* _What you should do_
What is wanted is every line below from the one with "Cardiovascular System" up to and including the one with "A close up view", retyped exactly, pictures excluded, nothing else.

* _Records to use_
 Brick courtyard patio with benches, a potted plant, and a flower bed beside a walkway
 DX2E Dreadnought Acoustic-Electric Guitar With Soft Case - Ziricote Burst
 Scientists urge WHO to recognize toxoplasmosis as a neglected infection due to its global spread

==

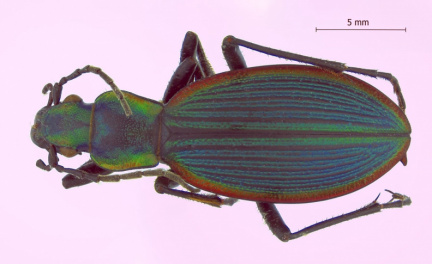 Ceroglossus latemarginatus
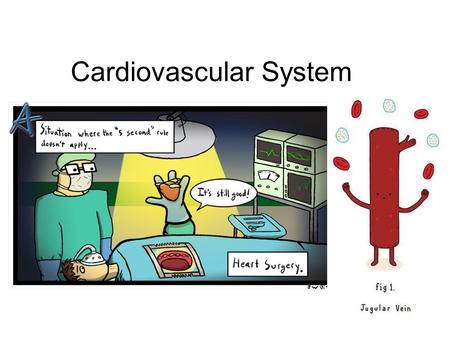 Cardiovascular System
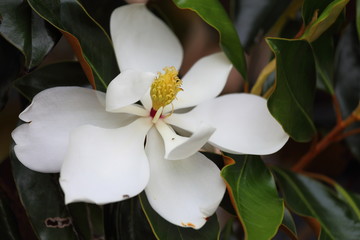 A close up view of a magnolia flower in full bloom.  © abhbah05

* _Worked solution_
 Cardiovascular System
 A close up view of a magnolia flower in full bloom.  © abhbah05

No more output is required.